The question of the honorableness of the United States' dealings with the Indians turns largely on a much disputed and little understood point. What was the nature of the Indians' right to the country in which they were living when the continent of North America was discovered? Between the theory of some sentimentalists that the Indians were the real owners of the soil, and the theory of some politicians that they had no right of ownership whatever in it, there are innumerable grades and confusions of opinion. The only authority on the point must be the view and usage as accepted by the great discovering Powers at the time of discovery, and afterward in their disposition of the lands discovered.

Fortunately, an honest examination of these points leaves no doubt on the matter.
England, France, Spain, little Portugal-all quarrelling fiercely, and fighting with each other for the biggest share in the new continent-each claiming -"sovereignty of the soil" by right of priority of discovery - all recognized the Indians' " right of occupancy" as a right; a right alienable in but two ways, either by purchase or by conquest.

All their discussions as to boundaries, from 1603 down to 1776, recognized this right and this principle. They reiterated, firstly, that discoverers had the right of sovereignty-a right in so far absolute that the discoverer was empowered by it not only to take possession of, but to grant, sell, and convey lands still occupied by Indians-and that for any nation to attempt to take possession of, grant, sell, or convey any such Indian-occupied lands while said lands were claimed by other nations under the right of discovery, was an infringement of rights, and just occasion of war; secondly, that all this granting, selling, conveying was to be understood to be " subject to the Indians' right of occupancy," which remained to be extinguished either through further purchase or through conquest by the grantee or purchaser.

Peters, in his preface to the seventh volume of the "United States Statutes at Large," says, "The history of America, from its discovery to the present day, proves the universal recognition of these principles."

Each discovering Power might regulate the relations between herself and the Indians; but as to the existence of the Indians' " right of occupancy," there was absolute unanimity among them. That there should have been unanimity regarding any one thing between them is remarkable. It is impossible for us to realize what a sudden invitation to greed and discord lay in this fair, beautiful, unclaimed continent-eight millions of square miles of land-more than twice the size of all Europe itself. What a lure today would such another new continent prove! The fighting over it would be as fierce now as the fighting was then, and the " right of occupancy" of the natives would stand small chance of such unanimous recognition as the four Great Powers then justly gave it.

Of the fairness of holding that ultimate sovereignty belonged to the civilized discoverer, as against the savage barbarian, there is no manner or ground of doubt. To question this is feeble sentimentalism.
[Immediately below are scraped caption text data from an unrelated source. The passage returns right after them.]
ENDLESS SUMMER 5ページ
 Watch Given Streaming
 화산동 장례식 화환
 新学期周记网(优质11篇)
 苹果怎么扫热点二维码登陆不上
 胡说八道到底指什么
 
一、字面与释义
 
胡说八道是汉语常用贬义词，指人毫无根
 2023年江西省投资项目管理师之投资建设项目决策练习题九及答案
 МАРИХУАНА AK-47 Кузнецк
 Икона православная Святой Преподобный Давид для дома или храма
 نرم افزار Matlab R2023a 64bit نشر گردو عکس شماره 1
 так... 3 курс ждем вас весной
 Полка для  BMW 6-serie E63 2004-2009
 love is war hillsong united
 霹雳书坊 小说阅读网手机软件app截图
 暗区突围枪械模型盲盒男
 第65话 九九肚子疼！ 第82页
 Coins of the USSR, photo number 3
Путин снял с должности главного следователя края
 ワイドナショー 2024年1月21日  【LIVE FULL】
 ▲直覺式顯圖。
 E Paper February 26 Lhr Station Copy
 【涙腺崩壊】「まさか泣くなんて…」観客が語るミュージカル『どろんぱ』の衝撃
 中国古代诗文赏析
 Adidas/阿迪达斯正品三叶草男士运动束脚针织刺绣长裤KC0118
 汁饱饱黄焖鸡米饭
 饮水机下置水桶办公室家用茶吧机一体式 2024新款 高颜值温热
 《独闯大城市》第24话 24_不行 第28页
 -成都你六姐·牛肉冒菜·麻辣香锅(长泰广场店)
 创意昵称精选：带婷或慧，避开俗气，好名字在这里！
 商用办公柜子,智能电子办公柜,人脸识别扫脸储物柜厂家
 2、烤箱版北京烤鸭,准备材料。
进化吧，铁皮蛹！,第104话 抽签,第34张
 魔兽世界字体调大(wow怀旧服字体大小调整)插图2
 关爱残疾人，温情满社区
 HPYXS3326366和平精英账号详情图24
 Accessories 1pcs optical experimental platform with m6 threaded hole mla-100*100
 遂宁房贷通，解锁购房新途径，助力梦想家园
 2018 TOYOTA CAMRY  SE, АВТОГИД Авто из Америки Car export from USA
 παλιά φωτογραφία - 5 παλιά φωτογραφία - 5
But to affirm and uphold this is not in any wise to overlook the lesser right which remained; as good, of its kind, and to its extent, as was the greater right to which, in the just nature of things, it was bound to give way.

It being clear, then, that the Indians' "right of occupancy" was a right recognized by all the great discovering Powers, acted upon by them in all their dispositions of lands here discovered, it remains next to inquire whether the United States Government, on taking its place among the nations, also recognized or accepted this Indian "right of occupancy" as an actual right. Upon this point, also, there is no doubt.

"By the treaty which concluded the War of our Revolution, Great Britain relinquished all claims not only to the government, but to the proprietary and territorial rights of the United States whose boundaries were fixed in the second Article. By this treaty the powers of the government and the right to soil which had previously been in Great Britain passed definitely to these States. We had before taken possession of them by declaring independence, but neither the declaration of independence nor the treaty confirming it could give us more than that which we before possessed, or to which Great Britain was before entitled. It has never been doubted that either the United States or the several States had a clear title to all the lands within the boundary-lines described in the treaty, subject only to the Indian right of occupancy, and that the exclusive right to extinguish that right was vested in that government which might constitutionally exercise it."1
* Peters, United States Statutes at Large, vol. vii.
" Subject to the Indian right of occupancy." It is noticeable how perpetually this phrase reappears. In their desire to define, assert, and enforce the greater right, the " right of sovereignty," the makers, interpreters, and recorders of law did not realize, probably, how clearly arid equally they were defining, asserting, and enforcing the lesser right, the "right of occupancy."

Probably they did not so much as dream that a time would come when even this lesser right-this least of all rights, it would seem, which could be claimed by, or conceded to, an aboriginal inhabitant of a country, however savage-would be practically denied to our Indians. But if they had foreseen such a time, they could, hardly have left more explicit testimony to meet the exigency.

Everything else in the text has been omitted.